Pestañas

34º domingo del tiempo ordinario– Año C


Tiene por trono una Cruz Nuestro Señor el Rey del Universo
P. Fernando Armellini

Introducción
             En Roma gobernaba el emperador Tiberio, cuando en a orilla del río Jordán apareció el bautista. Lo que dice provoca entusiasmo, despierta expectativas, suscita esperanzas. Las autoridades políticas y religiosas se preocupan porque consideran subversivo su mensaje. Dice: ¡El reino de los cielos está cerca! (Mt 3,2). Después de él, Jesús comienza a recorrer ciudades y pueblitos anunciando en todas partes: ¡El tiempo se ha cumplido, el reino de Dios es inminente! (Mc 1,15). A veces dice también: El Reino de Dios está ya en medio de ustedes (Lc 17,21). El reino es el centro de la predicación de Jesús; baste pensar que en el Nuevo Testamento el tema del reino de Dios está presente 122 veces y 90 en boca de Jesús.

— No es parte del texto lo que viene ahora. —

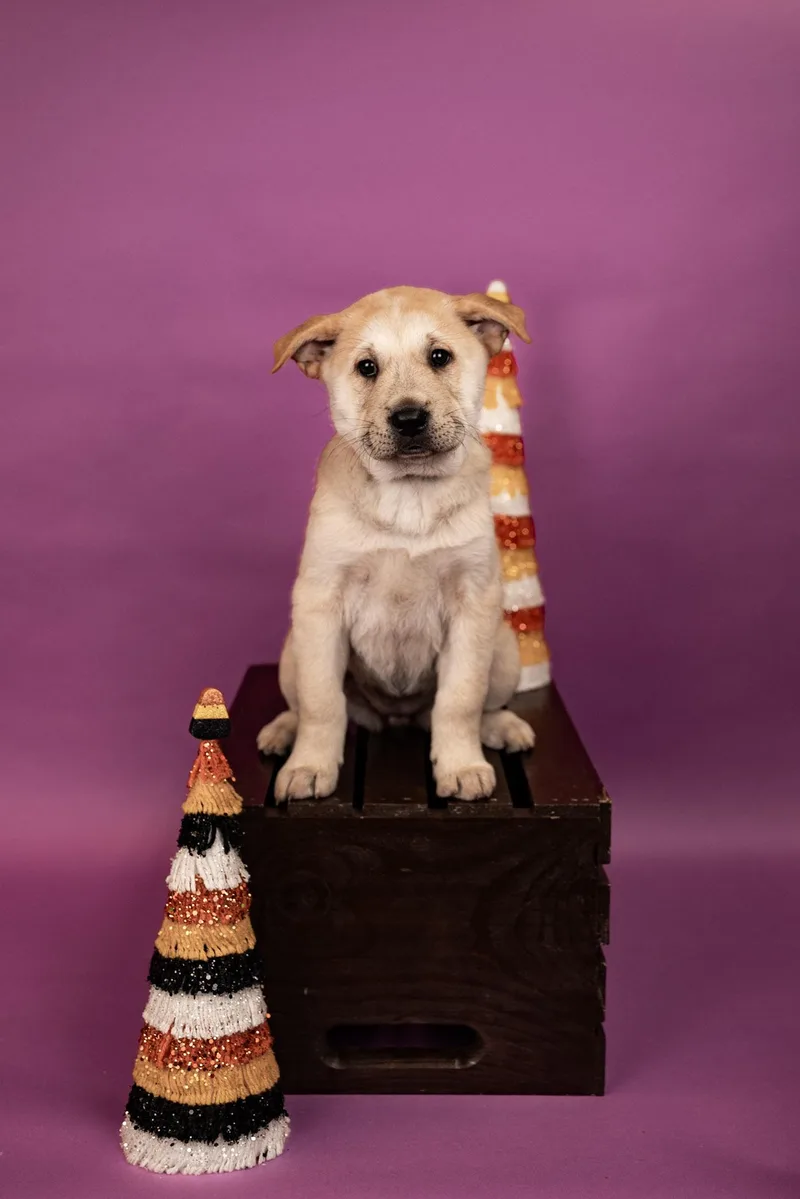 A baby large-sized female Chow Chow dog named 838-26 for adoption in Brighton, CO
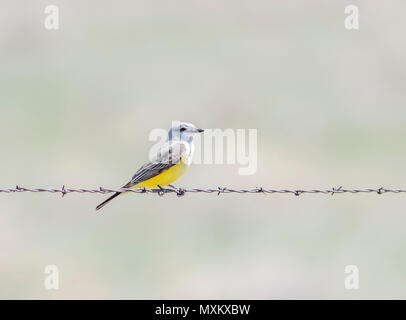 Western Kingbird (tyrannus Verticalis) auf Stacheldraht auf dem Grasland von Colorado gehockt Stockfoto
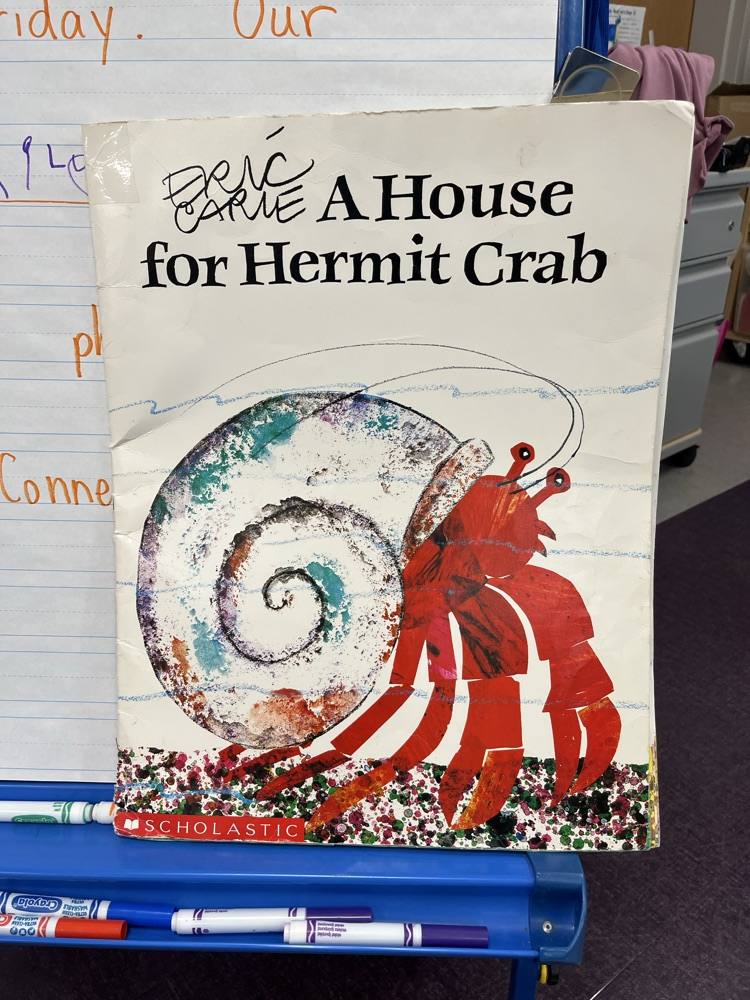 House for hermit crab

             Pocos años después de su muerte encontramos a sus discípulos quienes en todas las provincias del imperio y en la misma Roma, anuncian el reino de Dios (He 28,31). Hubiéramos querido que Jesús y los apóstoles nos hubiesen explicado el significado de esta expresión, pero ninguno de ellos lo ha hecho. Notamos sin embargo que Jesús se distancia de aquellos que dan a su misión una interpretación político-nacionalista (Mt 4,8-9); no obstante su mensaje contiene una innegable carga subversiva para las estructuras existentes en la sociedad. Es considerado un mensaje peligroso por los detentores del poder, sea político como religioso.
             Comenzando como una pequeña semilla, el reino está destinado a crecer y a convertirse en un árbol (Mt 13,31-32); está dotado de una fuerza irresistible y provocará una transformación radical del mundo y del hombre. La realeza de Jesús es difícil de entender, ha puesto en picada hasta la cabeza de Pilatos (Jn 18,33-38). La realeza de Jesús es demasiado diferente a las realezas de este mundo. ¡Cuántas veces a lo largo de la historia ha sido malentendida!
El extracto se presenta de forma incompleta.